Argon Laser Peripheral Iridoplasty for Primary Angle-Closure Glaucoma: A Randomized Controlled Trial

• Published in: Ophthalmology (Rochester, Minn.) Vol. 123; no. 3; p. 514
• Main Authors: Narayanaswamy, Arun, Baskaran, Mani, Perera, Shamira A, Nongpiur, Monisha E, Htoon, Hla M, Tun, Tin A, Wong, Tina T, Goh, David, Su, Daniel H, Chew, Paul T K, Ho, Ching-Lin, Aung, Tin
• Format: Journal Article
• Language: English
• Published: United States 01.03.2016
• Subjects: Aged; Antihypertensive Agents - therapeutic use; Brimonidine Tartrate - therapeutic use; Female; Glaucoma, Angle-Closure - drug therapy; Glaucoma, Angle-Closure - physiopathology; Glaucoma, Angle-Closure - surgery; Humans; Intraocular Pressure - drug effects; Iridectomy; Iris - surgery; Lasers, Excimer - therapeutic use; Male; Middle Aged; Reoperation; Tertiary Care Centers; Tonometry, Ocular; Travoprost - therapeutic use; Treatment Outcome
• ISSN: 1549-4713; 1549-4713
• DOI: 10.1016/j.ophtha.2015.11.002

To determine the effectiveness of argon laser peripheral iridoplasty (ALPI) in primary angle closure (PAC) and primary angle-closure glaucoma (PACG).

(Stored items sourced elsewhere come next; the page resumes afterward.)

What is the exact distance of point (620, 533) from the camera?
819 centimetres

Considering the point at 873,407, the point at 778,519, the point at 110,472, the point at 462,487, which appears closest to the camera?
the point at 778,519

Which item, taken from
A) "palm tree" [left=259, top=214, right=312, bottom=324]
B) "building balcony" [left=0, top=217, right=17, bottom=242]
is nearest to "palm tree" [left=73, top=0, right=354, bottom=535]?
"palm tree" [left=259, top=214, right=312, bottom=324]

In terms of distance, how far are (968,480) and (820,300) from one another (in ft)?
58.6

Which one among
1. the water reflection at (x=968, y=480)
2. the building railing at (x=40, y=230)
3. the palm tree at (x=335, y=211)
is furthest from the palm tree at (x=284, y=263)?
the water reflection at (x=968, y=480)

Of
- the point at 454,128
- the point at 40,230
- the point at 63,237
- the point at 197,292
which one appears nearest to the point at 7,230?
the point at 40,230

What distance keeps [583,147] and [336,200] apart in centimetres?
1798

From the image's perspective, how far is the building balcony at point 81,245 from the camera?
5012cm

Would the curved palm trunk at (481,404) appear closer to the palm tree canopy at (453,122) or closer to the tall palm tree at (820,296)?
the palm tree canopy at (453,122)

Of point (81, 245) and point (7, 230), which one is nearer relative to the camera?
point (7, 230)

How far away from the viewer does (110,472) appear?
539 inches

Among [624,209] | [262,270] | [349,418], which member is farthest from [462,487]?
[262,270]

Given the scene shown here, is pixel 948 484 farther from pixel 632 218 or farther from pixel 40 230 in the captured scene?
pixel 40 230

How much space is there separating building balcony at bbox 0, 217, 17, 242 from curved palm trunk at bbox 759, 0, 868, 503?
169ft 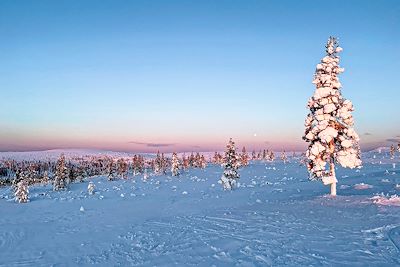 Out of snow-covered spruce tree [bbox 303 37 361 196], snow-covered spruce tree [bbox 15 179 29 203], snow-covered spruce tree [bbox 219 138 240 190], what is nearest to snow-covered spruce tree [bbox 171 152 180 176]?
snow-covered spruce tree [bbox 219 138 240 190]

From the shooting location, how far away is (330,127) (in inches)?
1288

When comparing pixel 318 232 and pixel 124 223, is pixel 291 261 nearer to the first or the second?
pixel 318 232

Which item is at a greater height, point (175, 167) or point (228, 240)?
point (228, 240)

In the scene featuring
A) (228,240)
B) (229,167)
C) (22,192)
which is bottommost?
(22,192)

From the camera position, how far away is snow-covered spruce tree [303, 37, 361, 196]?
1284 inches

Randomized controlled trial. Eighty PAC or PACG subjects who underwent laser iridotomy (LI) and had at least 180° of persistent appositional angle closure and intraocular pressure (IOP) of more than 21 mmHg were enrolled. Subjects were randomized to receive either 360° ALPI (Visulas 532s; Carl Zeiss Meditec, Jena, Germany) or medical therapy (Travoprost 0.004%; Alcon-Couvreur, Puurs, Antwerp, Belgium). Repeat ALPI was performed if the IOP reduction was less than 20% from baseline along with inadequate angle widening at the month 1 or month 3 visit. Intraocular pressure was controlled with systematic addition of medications when required. The primary outcome measure was success rates after ALPI at 1 year. Complete success was defined as an IOP of 21 mmHg or less without medication, and qualified success was defined as an IOP of 21 mmHg or less with medication. Failure was defined as an IOP more than 21 mmHg despite additional medications or requiring glaucoma surgery. Forty subjects (51 eyes) were randomized to ALPI and 40 subjects (55 eyes) were randomized to medical therapy. Complete success (IOP ≤21 mmHg without medication) was achieved in 35.0% eyes of the ALPI group compared with 85.0% of eyes in the prostaglandin analog (PGA) group (P < 0.001), and qualified success (IOP ≤21 mmHg with medication) was achieved in 35.0% and 7.5%, respectively (P = 0.003). The IOP decreased by 4.9 mmHg (95% confidence interval [CI], 3.5-6.3 mmHg) in the ALPI group (P < 0.001) and by 6.1 mmHg (95% CI, 5.1-7.1 mmHg) in the medication group (P < 0.001). A failure rate of 30.0% was noted in the ALPI group compared with 7.5% in the medication group (P = 0.01). No treatment-related complications were recorded in either group. After 1 year, ALPI was associated with higher failure rates and lower IOP reduction compared with PGA therapy in eyes with persistent appositional angle closure and raised IOP after LI.